> **Aim of the exercise**: Could the data below be copied exactly, minus the pictures?

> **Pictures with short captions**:
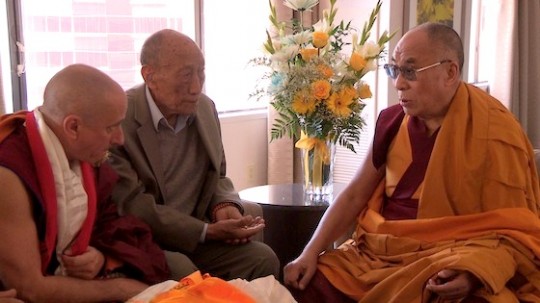 Nicholas Vreeland, Khyongla Rinpoche and His Holiness the Dalai Lama, Long Beach, California, US, April 2012. Photo courtesy of Kino Lorber, Inc.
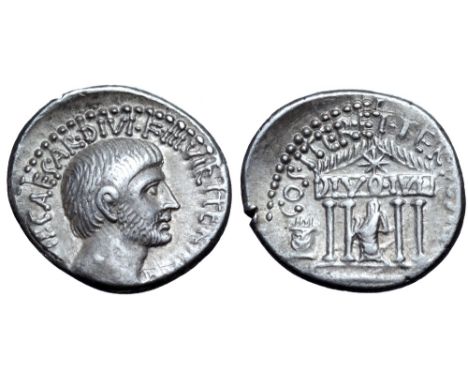 Octavian AR Denarius. Southern or central Italian mint, spring - early summer 36 BC. Bare head right, with beard; IMP•CAESAR•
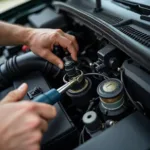 Mechanic inspecting car air conditioning system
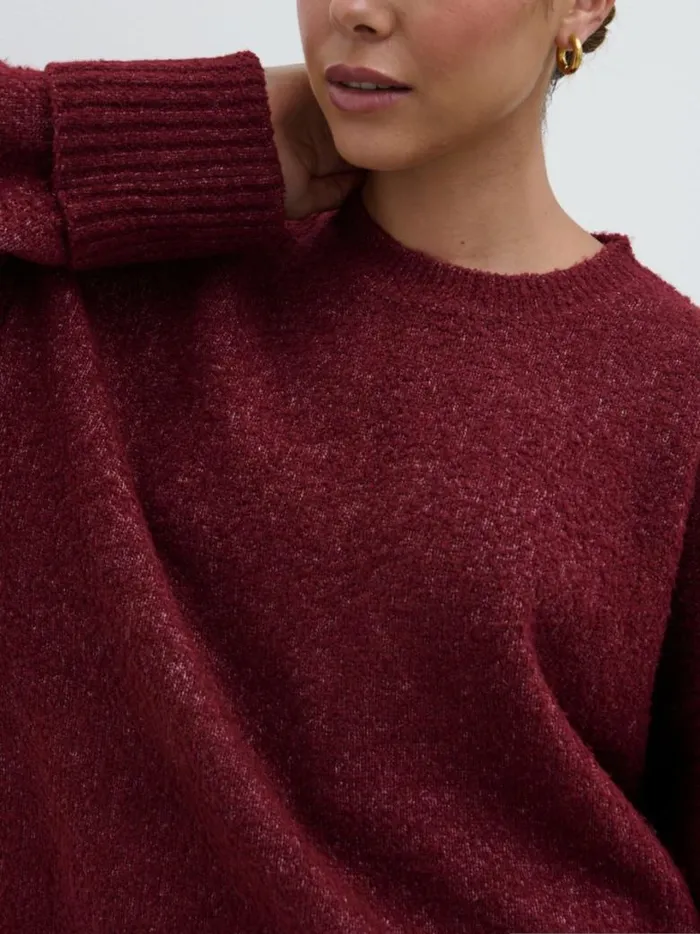 Pretty Lavish Knitwear Women Camille Oversized Borg Knit Jumper Wine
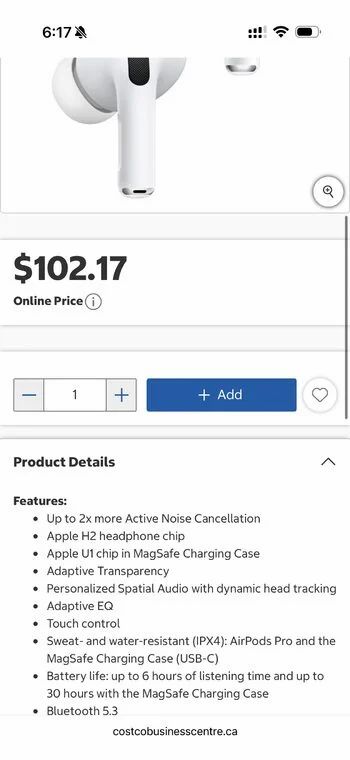 Costco: YMMV: Uber Eats (Costco) Apple Airpods Pro 2nd Generation With Magsafe Case, White $116.67 ($106.67 for members)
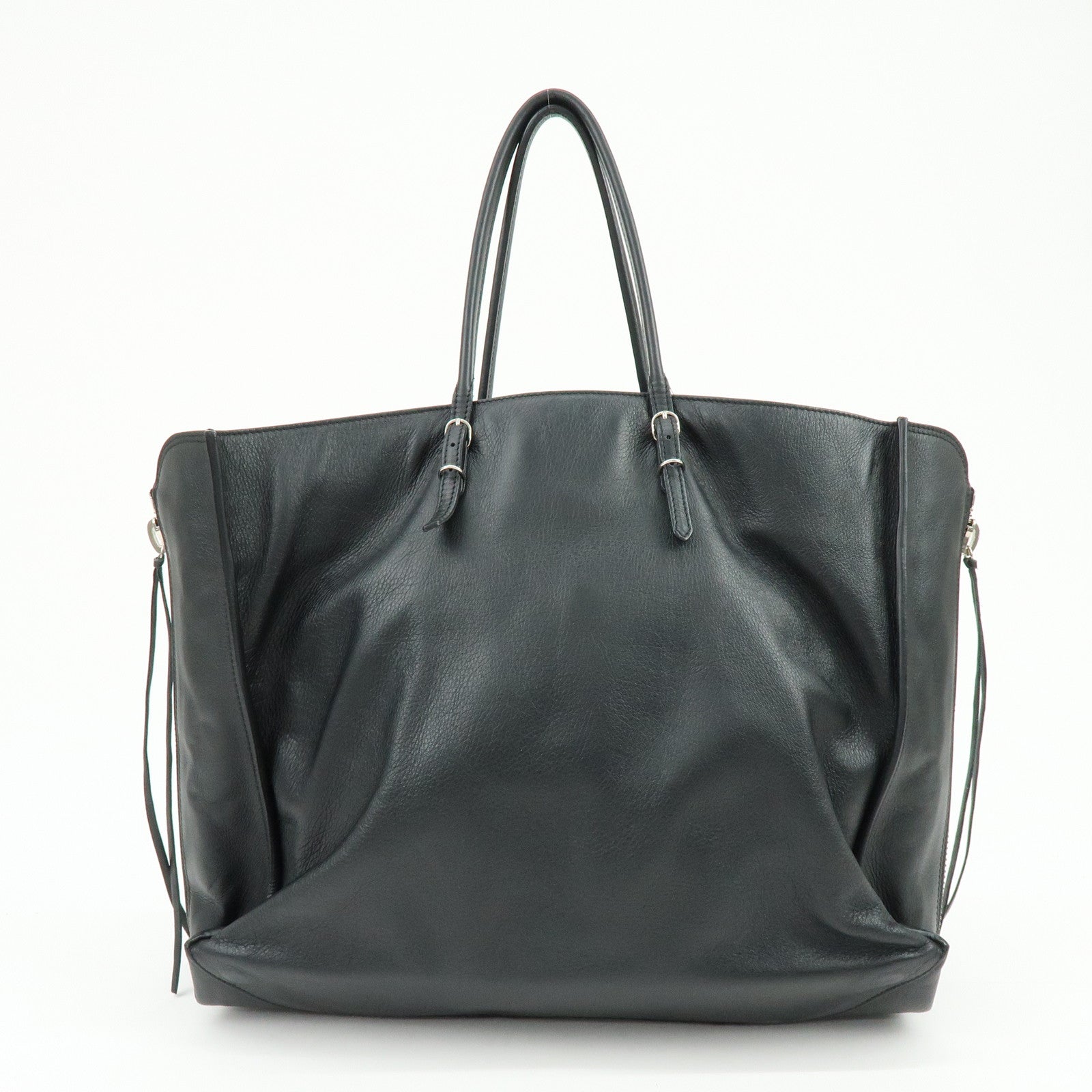 BALENCIAGA The Papier Leather Tote Shoulder Bag Black 236701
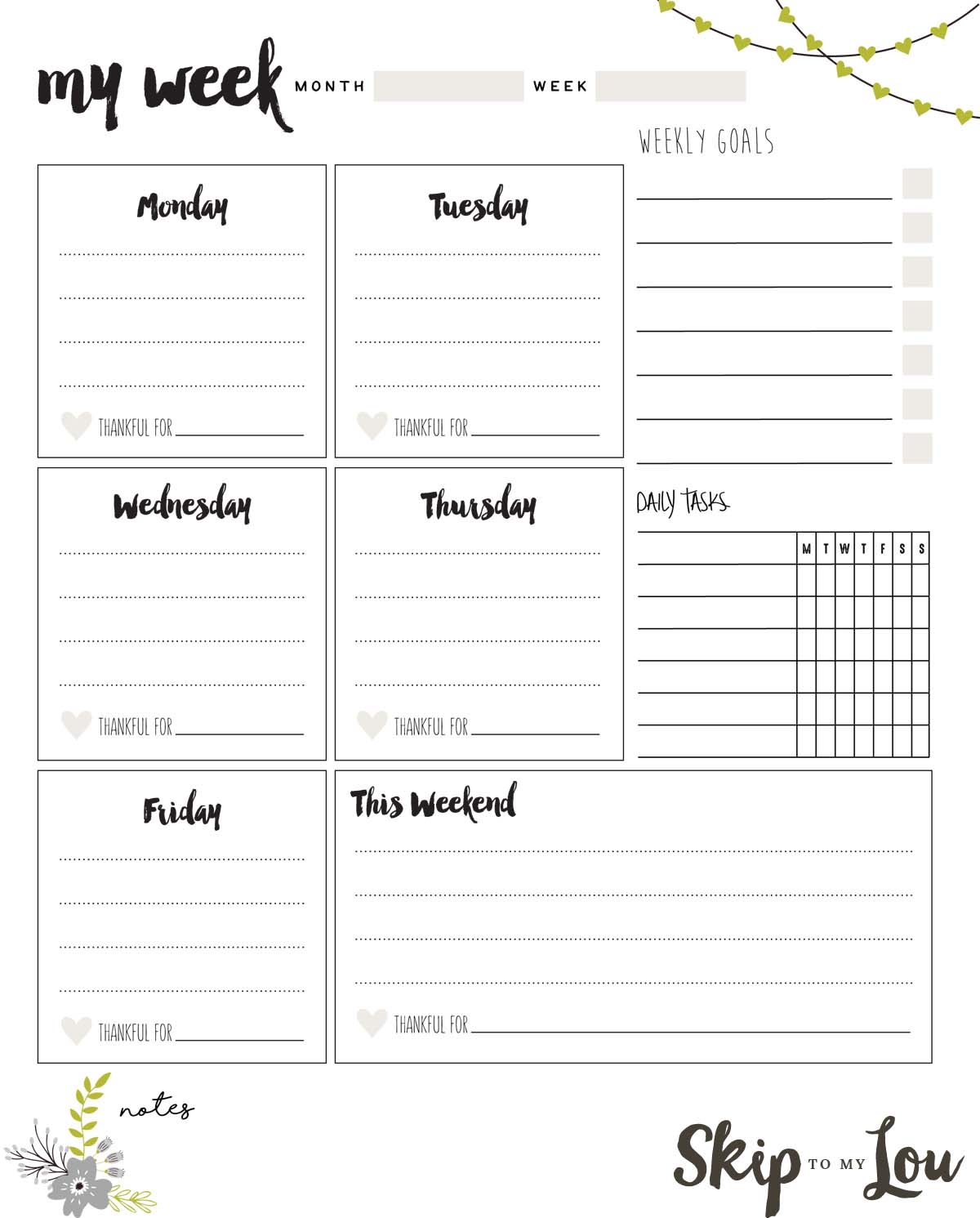 Weekly Schedule Printable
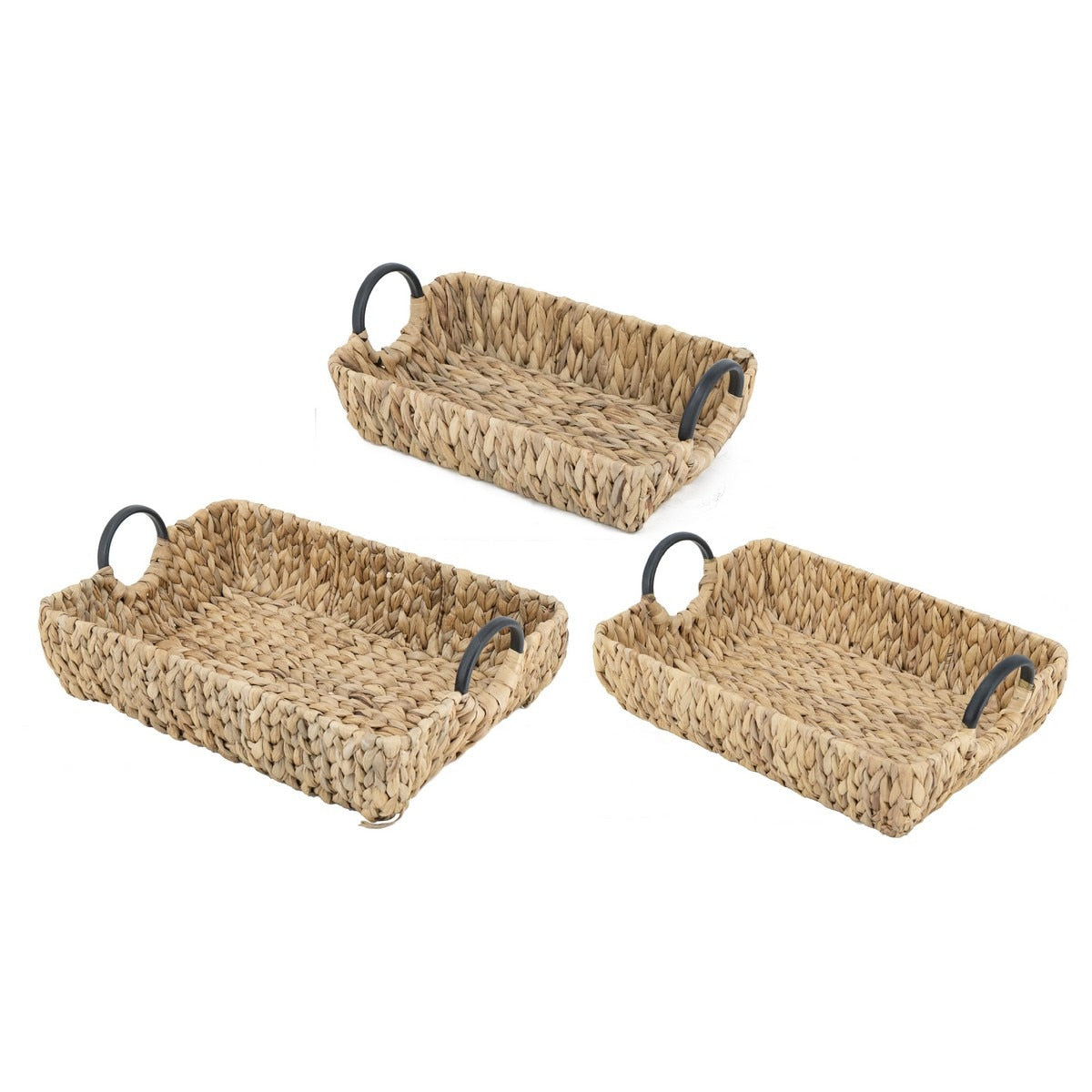 TRAYS - WATER HYACINTH Natural (SET of 3) - 50cm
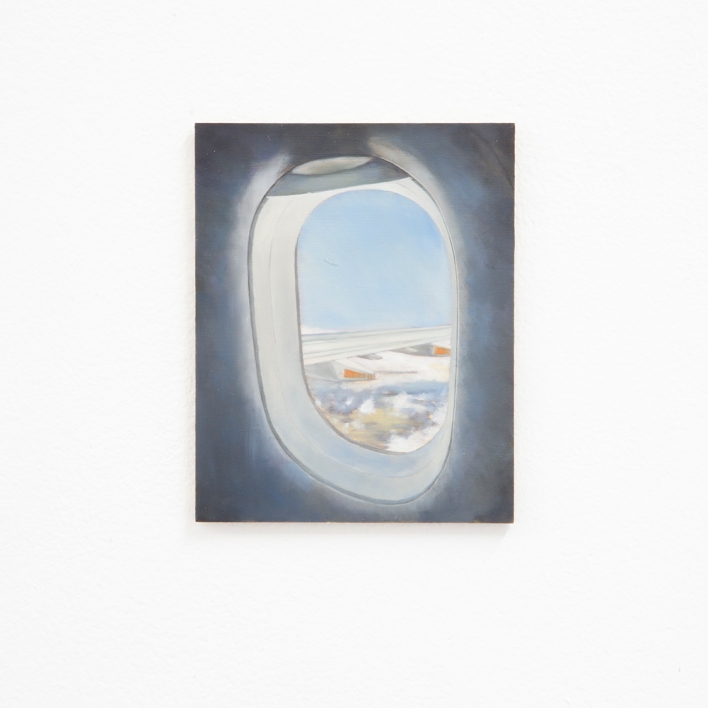 Kate Wallace ‘View from an aeroplane window #2’ 2020 Oil on board 12.7 x 10.3cm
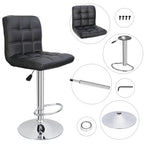 ZENY Bar Stool Set Of 4 With Soft Cushion And Metal Frame - Black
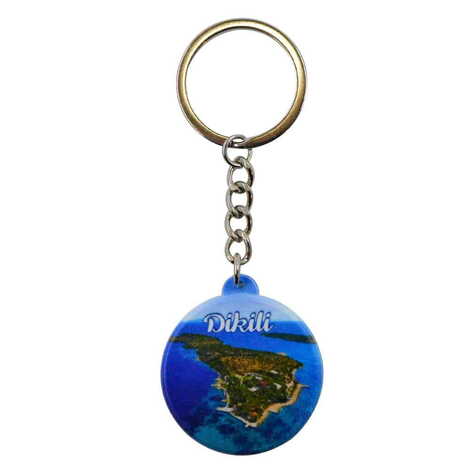 Dikili Themed Customised UV Printed Plastic Base Square Keyring 38x100 mm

> **Response to the task**:
 Nicholas Vreeland, Khyongla Rinpoche and His Holiness the Dalai Lama, Long Beach, California, US, April 2012. Photo courtesy of Kino Lorber, Inc.
 Octavian AR Denarius. Southern or central Italian mint, spring - early summer 36 BC. Bare head right, with beard; IMP•CAESAR•
 Mechanic inspecting car air conditioning system
 Pretty Lavish Knitwear Women Camille Oversized Borg Knit Jumper Wine
 Costco: YMMV: Uber Eats (Costco) Apple Airpods Pro 2nd Generation With Magsafe Case, White $116.67 ($106.67 for members)
 BALENCIAGA The Papier Leather Tote Shoulder Bag Black 236701
 Weekly Schedule Printable
 TRAYS - WATER HYACINTH Natural (SET of 3) - 50cm
 Kate Wallace ‘View from an aeroplane window #2’ 2020 Oil on board 12.7 x 10.3cm
 ZENY Bar Stool Set Of 4 With Soft Cushion And Metal Frame - Black
 Dikili Themed Customised UV Printed Plastic Base Square Keyring 38x100 mm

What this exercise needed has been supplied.